* **EXERCISE**
What is wanted is an exact copy of the lines from the top of the listing through the line containing "VW TOURAN and".

========================

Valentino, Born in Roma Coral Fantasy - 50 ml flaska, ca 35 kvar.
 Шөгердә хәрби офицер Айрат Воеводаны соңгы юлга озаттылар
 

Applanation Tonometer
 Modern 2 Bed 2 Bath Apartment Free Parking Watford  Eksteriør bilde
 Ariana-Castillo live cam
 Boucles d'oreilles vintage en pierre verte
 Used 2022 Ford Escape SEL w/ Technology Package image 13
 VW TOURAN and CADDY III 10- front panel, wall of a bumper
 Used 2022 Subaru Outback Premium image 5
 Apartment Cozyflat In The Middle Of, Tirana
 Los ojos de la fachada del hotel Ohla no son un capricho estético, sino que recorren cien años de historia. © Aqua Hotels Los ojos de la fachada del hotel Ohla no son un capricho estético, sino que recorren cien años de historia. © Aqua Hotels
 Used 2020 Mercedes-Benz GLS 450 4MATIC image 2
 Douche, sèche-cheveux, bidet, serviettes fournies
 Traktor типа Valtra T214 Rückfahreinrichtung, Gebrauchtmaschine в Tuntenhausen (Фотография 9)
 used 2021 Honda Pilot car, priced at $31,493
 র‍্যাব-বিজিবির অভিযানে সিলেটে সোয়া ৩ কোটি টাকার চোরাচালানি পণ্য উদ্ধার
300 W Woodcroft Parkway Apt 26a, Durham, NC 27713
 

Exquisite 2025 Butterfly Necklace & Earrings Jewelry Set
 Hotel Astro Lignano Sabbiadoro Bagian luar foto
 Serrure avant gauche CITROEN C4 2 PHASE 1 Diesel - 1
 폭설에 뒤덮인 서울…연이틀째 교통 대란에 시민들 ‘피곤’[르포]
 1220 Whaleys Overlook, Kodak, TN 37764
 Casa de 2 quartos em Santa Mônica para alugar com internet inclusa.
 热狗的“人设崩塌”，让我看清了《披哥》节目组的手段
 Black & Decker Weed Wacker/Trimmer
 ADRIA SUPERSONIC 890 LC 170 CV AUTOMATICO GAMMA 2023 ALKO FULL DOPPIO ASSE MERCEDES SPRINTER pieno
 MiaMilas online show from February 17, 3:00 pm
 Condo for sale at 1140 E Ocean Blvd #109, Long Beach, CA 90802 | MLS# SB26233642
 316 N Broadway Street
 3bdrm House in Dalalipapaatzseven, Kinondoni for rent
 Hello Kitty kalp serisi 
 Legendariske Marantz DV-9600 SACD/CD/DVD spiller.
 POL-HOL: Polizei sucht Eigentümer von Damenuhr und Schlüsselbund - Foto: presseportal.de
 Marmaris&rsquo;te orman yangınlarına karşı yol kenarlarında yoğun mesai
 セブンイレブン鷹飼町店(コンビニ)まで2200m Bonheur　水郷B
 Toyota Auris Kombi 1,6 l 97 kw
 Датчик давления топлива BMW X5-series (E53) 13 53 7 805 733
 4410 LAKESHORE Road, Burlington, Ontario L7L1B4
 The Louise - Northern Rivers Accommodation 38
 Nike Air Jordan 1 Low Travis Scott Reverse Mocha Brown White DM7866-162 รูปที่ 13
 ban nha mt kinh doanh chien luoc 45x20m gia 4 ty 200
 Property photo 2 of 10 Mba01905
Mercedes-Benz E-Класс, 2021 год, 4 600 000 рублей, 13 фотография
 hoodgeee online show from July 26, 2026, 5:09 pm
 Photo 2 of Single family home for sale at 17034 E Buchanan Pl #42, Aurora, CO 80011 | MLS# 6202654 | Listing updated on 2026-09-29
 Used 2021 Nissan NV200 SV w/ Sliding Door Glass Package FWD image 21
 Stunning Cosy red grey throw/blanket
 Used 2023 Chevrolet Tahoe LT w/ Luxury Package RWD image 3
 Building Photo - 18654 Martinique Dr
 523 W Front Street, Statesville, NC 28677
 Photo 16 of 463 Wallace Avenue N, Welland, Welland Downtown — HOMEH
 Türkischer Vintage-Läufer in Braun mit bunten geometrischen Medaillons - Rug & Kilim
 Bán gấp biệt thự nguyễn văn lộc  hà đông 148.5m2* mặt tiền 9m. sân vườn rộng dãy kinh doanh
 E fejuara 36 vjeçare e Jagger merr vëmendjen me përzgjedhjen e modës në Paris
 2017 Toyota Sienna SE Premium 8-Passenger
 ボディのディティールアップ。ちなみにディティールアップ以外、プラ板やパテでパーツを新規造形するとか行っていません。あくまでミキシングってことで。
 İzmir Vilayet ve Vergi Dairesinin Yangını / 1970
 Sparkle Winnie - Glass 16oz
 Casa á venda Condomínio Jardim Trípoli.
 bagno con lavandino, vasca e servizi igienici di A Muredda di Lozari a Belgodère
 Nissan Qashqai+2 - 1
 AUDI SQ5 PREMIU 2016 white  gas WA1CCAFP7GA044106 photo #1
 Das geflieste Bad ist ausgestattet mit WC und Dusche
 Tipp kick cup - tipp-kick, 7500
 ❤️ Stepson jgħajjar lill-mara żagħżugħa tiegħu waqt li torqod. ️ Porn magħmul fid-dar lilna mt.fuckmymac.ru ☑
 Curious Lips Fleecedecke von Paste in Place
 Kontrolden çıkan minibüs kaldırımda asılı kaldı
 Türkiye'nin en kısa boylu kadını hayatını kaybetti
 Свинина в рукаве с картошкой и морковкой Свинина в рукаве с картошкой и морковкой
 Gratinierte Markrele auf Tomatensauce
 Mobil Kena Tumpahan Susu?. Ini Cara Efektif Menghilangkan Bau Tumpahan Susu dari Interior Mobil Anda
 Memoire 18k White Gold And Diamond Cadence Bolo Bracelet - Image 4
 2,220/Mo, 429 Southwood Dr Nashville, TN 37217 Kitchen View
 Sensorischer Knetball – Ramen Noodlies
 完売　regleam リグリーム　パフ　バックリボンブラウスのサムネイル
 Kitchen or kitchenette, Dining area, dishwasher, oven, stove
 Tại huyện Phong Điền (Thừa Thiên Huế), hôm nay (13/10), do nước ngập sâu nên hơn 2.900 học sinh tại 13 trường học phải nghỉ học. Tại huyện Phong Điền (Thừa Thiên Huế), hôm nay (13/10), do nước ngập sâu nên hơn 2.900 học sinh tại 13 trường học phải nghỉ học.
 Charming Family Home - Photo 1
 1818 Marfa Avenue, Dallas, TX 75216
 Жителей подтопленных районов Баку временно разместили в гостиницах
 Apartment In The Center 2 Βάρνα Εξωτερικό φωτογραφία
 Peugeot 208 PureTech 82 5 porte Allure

========================

* **ANSWER BOX**
Valentino, Born in Roma Coral Fantasy - 50 ml flaska, ca 35 kvar.
 Шөгердә хәрби офицер Айрат Воеводаны соңгы юлга озаттылар
 

Applanation Tonometer
 Modern 2 Bed 2 Bath Apartment Free Parking Watford  Eksteriør bilde
 Ariana-Castillo live cam
 Boucles d'oreilles vintage en pierre verte
 Used 2022 Ford Escape SEL w/ Technology Package image 13
 VW TOURAN and CADDY III 10- front panel, wall of a bumper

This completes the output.